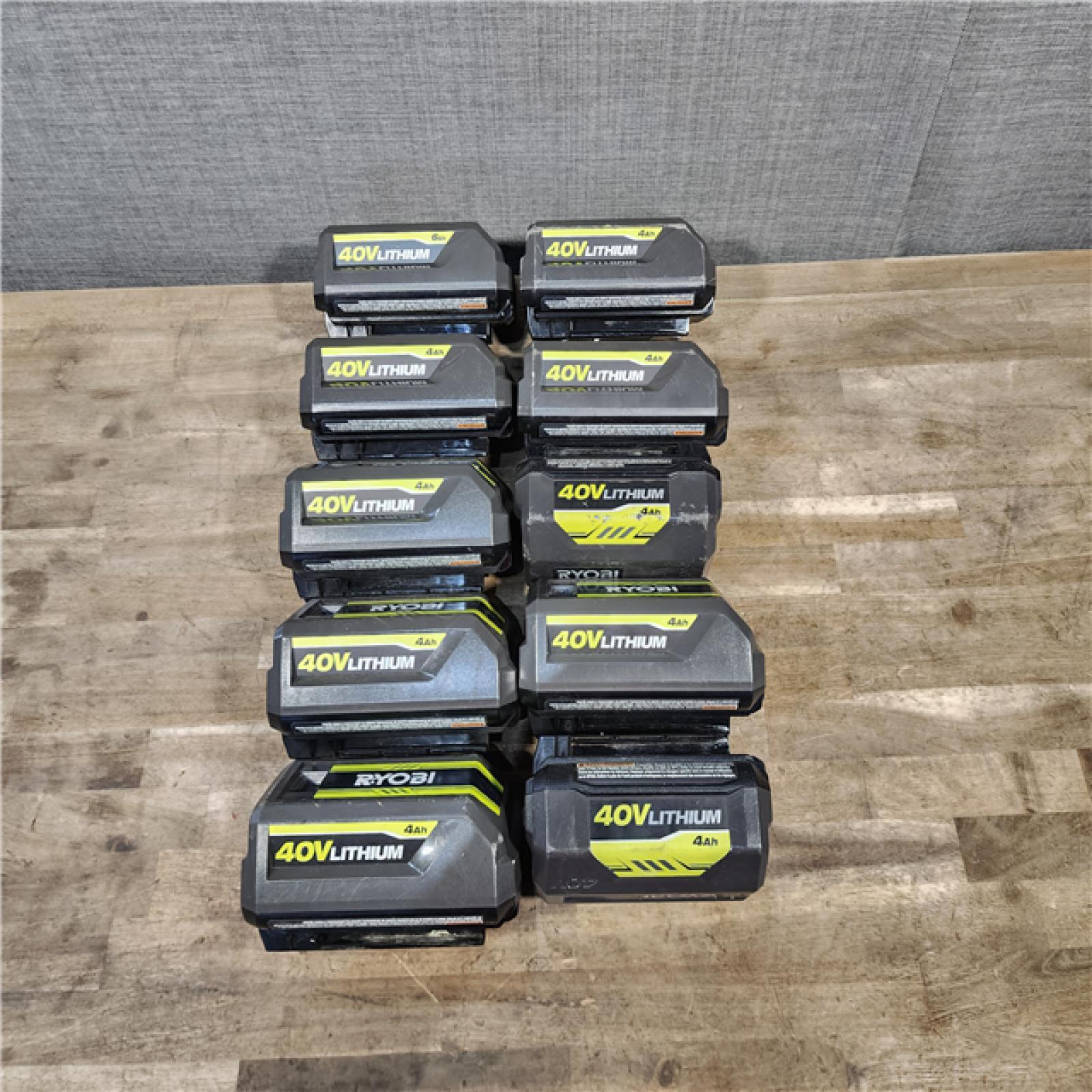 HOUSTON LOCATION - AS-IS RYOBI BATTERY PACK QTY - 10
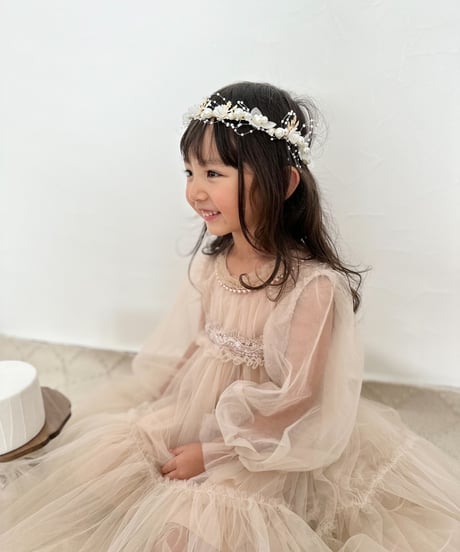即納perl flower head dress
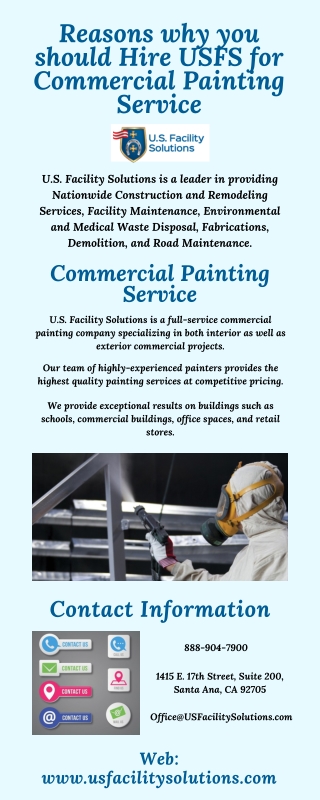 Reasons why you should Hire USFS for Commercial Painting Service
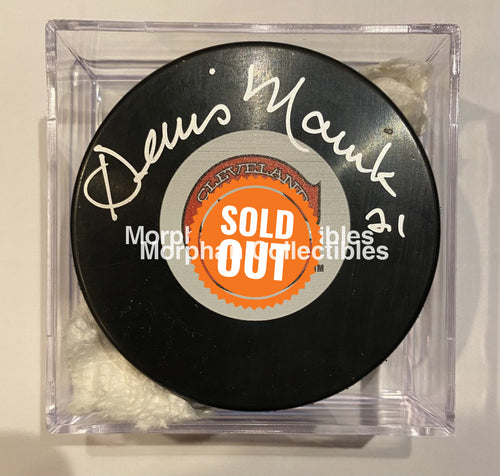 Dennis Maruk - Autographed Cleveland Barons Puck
——————————
Reproduce the data above exactly, leaving out any picture in it.

 HOUSTON LOCATION - AS-IS RYOBI BATTERY PACK QTY - 10
即納perl flower head dress
 Reasons why you should Hire USFS for Commercial Painting Service
 Dennis Maruk - Autographed Cleveland Barons Puck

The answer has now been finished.